-- Opening Marker --

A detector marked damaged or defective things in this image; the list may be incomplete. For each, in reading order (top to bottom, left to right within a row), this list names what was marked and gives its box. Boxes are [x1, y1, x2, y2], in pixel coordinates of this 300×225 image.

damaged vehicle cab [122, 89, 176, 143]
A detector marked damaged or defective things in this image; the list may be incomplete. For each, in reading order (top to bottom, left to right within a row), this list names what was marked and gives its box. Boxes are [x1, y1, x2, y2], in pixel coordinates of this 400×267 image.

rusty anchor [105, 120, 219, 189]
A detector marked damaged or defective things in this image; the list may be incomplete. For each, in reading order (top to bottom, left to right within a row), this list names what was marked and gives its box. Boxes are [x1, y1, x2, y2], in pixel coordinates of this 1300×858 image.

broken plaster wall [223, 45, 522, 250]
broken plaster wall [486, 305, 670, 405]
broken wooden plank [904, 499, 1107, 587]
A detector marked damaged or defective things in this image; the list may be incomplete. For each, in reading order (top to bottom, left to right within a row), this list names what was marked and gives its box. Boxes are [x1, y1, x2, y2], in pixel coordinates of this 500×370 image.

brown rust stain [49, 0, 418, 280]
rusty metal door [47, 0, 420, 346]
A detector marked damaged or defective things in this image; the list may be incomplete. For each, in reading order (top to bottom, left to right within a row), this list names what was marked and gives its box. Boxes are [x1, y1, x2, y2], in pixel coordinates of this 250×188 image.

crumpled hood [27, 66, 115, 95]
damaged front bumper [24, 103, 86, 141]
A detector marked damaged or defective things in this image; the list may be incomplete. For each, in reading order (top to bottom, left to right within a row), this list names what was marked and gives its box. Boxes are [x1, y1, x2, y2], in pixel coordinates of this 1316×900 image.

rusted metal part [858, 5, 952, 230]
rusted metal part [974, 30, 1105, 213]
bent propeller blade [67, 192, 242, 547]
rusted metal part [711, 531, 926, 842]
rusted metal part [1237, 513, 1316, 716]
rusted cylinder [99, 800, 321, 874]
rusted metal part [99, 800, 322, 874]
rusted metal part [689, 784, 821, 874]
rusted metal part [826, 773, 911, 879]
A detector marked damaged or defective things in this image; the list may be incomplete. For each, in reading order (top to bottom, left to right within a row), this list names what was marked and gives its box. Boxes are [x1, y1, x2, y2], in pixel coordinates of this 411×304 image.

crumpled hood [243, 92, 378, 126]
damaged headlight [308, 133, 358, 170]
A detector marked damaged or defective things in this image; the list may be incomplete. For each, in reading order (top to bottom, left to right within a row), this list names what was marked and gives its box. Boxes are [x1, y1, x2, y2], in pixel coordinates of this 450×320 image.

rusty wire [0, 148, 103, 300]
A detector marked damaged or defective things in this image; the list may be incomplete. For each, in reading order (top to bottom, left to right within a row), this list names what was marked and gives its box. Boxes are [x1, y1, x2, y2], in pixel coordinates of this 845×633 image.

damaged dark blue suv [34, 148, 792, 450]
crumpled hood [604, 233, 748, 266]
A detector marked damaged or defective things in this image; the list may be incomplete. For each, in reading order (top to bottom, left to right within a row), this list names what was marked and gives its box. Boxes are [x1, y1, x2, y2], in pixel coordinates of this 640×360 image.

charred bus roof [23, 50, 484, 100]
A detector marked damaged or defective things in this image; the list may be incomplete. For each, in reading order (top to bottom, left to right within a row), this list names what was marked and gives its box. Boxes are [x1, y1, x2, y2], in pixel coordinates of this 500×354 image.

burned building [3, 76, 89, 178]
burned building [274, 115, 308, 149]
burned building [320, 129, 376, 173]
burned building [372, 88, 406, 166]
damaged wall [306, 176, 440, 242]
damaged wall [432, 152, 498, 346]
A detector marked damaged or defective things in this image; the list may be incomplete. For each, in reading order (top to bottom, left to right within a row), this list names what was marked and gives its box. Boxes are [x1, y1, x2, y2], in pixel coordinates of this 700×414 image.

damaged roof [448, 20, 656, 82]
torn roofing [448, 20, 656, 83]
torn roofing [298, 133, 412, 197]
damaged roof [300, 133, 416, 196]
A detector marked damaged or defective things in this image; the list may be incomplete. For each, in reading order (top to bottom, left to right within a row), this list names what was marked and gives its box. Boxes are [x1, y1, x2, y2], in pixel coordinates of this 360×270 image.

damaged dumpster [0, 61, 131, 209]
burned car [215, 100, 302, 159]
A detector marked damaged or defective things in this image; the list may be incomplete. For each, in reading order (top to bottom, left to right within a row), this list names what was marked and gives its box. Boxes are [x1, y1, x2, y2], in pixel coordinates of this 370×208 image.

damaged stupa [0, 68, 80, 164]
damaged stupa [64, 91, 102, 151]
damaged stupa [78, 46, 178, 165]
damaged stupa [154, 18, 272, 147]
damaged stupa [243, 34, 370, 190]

-- Closing Marker --

### Task objective
Please transcribe the material above in full, keeping every character intact.

### Result for this task
A detector marked damaged or defective things in this image; the list may be incomplete. For each, in reading order (top to bottom, left to right within a row), this list names what was marked and gives its box. Boxes are [x1, y1, x2, y2], in pixel coordinates of this 300×225 image.

damaged vehicle cab [122, 89, 176, 143]
A detector marked damaged or defective things in this image; the list may be incomplete. For each, in reading order (top to bottom, left to right within a row), this list names what was marked and gives its box. Boxes are [x1, y1, x2, y2], in pixel coordinates of this 400×267 image.

rusty anchor [105, 120, 219, 189]
A detector marked damaged or defective things in this image; the list may be incomplete. For each, in reading order (top to bottom, left to right within a row), this list names what was marked and gives its box. Boxes are [x1, y1, x2, y2], in pixel coordinates of this 1300×858 image.

broken plaster wall [223, 45, 522, 250]
broken plaster wall [486, 305, 670, 405]
broken wooden plank [904, 499, 1107, 587]
A detector marked damaged or defective things in this image; the list may be incomplete. For each, in reading order (top to bottom, left to right within a row), this list names what was marked and gives its box. Boxes are [x1, y1, x2, y2], in pixel coordinates of this 500×370 image.

brown rust stain [49, 0, 418, 280]
rusty metal door [47, 0, 420, 346]
A detector marked damaged or defective things in this image; the list may be incomplete. For each, in reading order (top to bottom, left to right within a row), this list names what was marked and gives its box. Boxes are [x1, y1, x2, y2], in pixel coordinates of this 250×188 image.

crumpled hood [27, 66, 115, 95]
damaged front bumper [24, 103, 86, 141]
A detector marked damaged or defective things in this image; the list may be incomplete. For each, in reading order (top to bottom, left to right within a row), this list names what was marked and gives its box. Boxes are [x1, y1, x2, y2], in pixel coordinates of this 1316×900 image.

rusted metal part [858, 5, 952, 230]
rusted metal part [974, 30, 1105, 213]
bent propeller blade [67, 192, 242, 547]
rusted metal part [711, 531, 926, 842]
rusted metal part [1237, 513, 1316, 716]
rusted cylinder [99, 800, 321, 874]
rusted metal part [99, 800, 322, 874]
rusted metal part [689, 784, 821, 874]
rusted metal part [826, 773, 911, 879]
A detector marked damaged or defective things in this image; the list may be incomplete. For each, in reading order (top to bottom, left to right within a row), this list names what was marked and gives its box. Boxes are [x1, y1, x2, y2], in pixel coordinates of this 411×304 image.

crumpled hood [243, 92, 378, 126]
damaged headlight [308, 133, 358, 170]
A detector marked damaged or defective things in this image; the list may be incomplete. For each, in reading order (top to bottom, left to right within a row), this list names what was marked and gives its box. Boxes are [x1, y1, x2, y2], in pixel coordinates of this 450×320 image.

rusty wire [0, 148, 103, 300]
A detector marked damaged or defective things in this image; the list may be incomplete. For each, in reading order (top to bottom, left to right within a row), this list names what was marked and gives its box. Boxes are [x1, y1, x2, y2], in pixel coordinates of this 845×633 image.

damaged dark blue suv [34, 148, 792, 450]
crumpled hood [604, 233, 748, 266]
A detector marked damaged or defective things in this image; the list may be incomplete. For each, in reading order (top to bottom, left to right within a row), this list names what was marked and gives its box. Boxes are [x1, y1, x2, y2], in pixel coordinates of this 640×360 image.

charred bus roof [23, 50, 484, 100]
A detector marked damaged or defective things in this image; the list may be incomplete. For each, in reading order (top to bottom, left to right within a row), this list names what was marked and gives its box. Boxes are [x1, y1, x2, y2], in pixel coordinates of this 500×354 image.

burned building [3, 76, 89, 178]
burned building [274, 115, 308, 149]
burned building [320, 129, 376, 173]
burned building [372, 88, 406, 166]
damaged wall [306, 176, 440, 242]
damaged wall [432, 152, 498, 346]
A detector marked damaged or defective things in this image; the list may be incomplete. For each, in reading order (top to bottom, left to right within a row), this list names what was marked and gives its box. Boxes are [x1, y1, x2, y2], in pixel coordinates of this 700×414 image.

damaged roof [448, 20, 656, 82]
torn roofing [448, 20, 656, 83]
torn roofing [298, 133, 412, 197]
damaged roof [300, 133, 416, 196]
A detector marked damaged or defective things in this image; the list may be incomplete. For each, in reading order (top to bottom, left to right within a row), this list names what was marked and gives its box. Boxes are [x1, y1, x2, y2], in pixel coordinates of this 360×270 image.

damaged dumpster [0, 61, 131, 209]
burned car [215, 100, 302, 159]
A detector marked damaged or defective things in this image; the list may be incomplete. For each, in reading order (top to bottom, left to right within a row), this list names what was marked and gives its box. Boxes are [x1, y1, x2, y2], in pixel coordinates of this 370×208 image.

damaged stupa [0, 68, 80, 164]
damaged stupa [64, 91, 102, 151]
damaged stupa [78, 46, 178, 165]
damaged stupa [154, 18, 272, 147]
damaged stupa [243, 34, 370, 190]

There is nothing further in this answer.